Per il 46enne presunto capo ‘ndrina di Corigliano, Maurizio Barilari, 19 anni e sei mesi di reclusione; 12 anni, invece, per il fratello 44enne, Fabio Barilari.
Entrambi erano accusati d’associazione mafiosa
e d’una lunga sequela d’estorsioni consumata negli anni scorsi proprio nel Coriglianese.
I giudici di primo e secondo grado avevano condannato i due fratelli e, nella tarda serata di ieri, la sentenza d’appello è divenuta dunque definitiva.
Il processo ai fratelli Barilari era uno dei due tronconi del maxiprocesso “Santa Tecla”, che aveva portato, tra l’altro, allo scioglimento del Consiglio comunale di Corigliano per infiltrazioni mafiose, e che ha già visto decine di persone, quasi tutte coriglianesi, definitivamente condannate in Cassazione lo scorso 9 gennaio.
Maurizio Barilari – il quale è stato difeso dagli avvocati Salvatore Sisca ed Andrea Salcina – secondo le sentenze di Rossano e di Catanzaro fu esattore del “pizzo” nonché capo della ‘ndrina attiva ed operante nel Coriglianese sotto l’egida del locale di ‘ndrangheta guidato dagli “zingari” di Cassano Jonio e capeggiato da Franco Abbruzzese alias “Dentuzzo”.

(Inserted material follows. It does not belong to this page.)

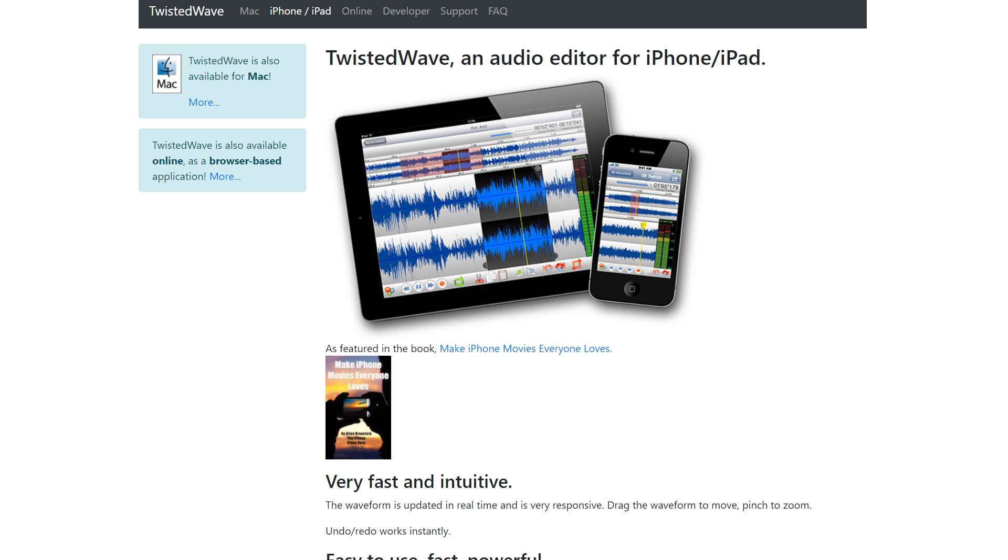Besides the macOS version, Twisted Wave can be used on iPhones, iPads, or through a web browser.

Almeno a partire dall’anno 2000 e fino al suo arresto, avvenuto il 16 luglio del 2009 con la maxioperazione “Timpone Rosso” nell’ambito del cui maxiprocesso è stato di recente condannato a 28 anni, in appello, dai giudici della Corte d’Assise di Catanzaro, per la propria supposta partecipazione agli omicidi di Giorgio Cimino, vittima nel 2001 d’una vendetta trasversale di ‘ndrangheta perché padre dei due collaboratori di giustizia Giovanni ed Antonio Cimino, e poi di Vincenzo Fabbricatore e Vincenzo Campana, trucidati in un plateale agguato a colpi di kalashnikov consumato nel marzo dell’anno successivo lungo il tratto coriglianese della Statale 106 jonica.
Per questo Maurizio Barilari è da oltre cinque anni detenuto nelle carceri di Parma prima e attualmente de L’Aquila in regime di 41-bis.
Il fratello Fabio, detenuto nel carcere di Catanzaro e difeso dall’avvocato Sisca, rispondeva invece di soli quattro capi d’imputazione a fronte degli undici contestati al primo.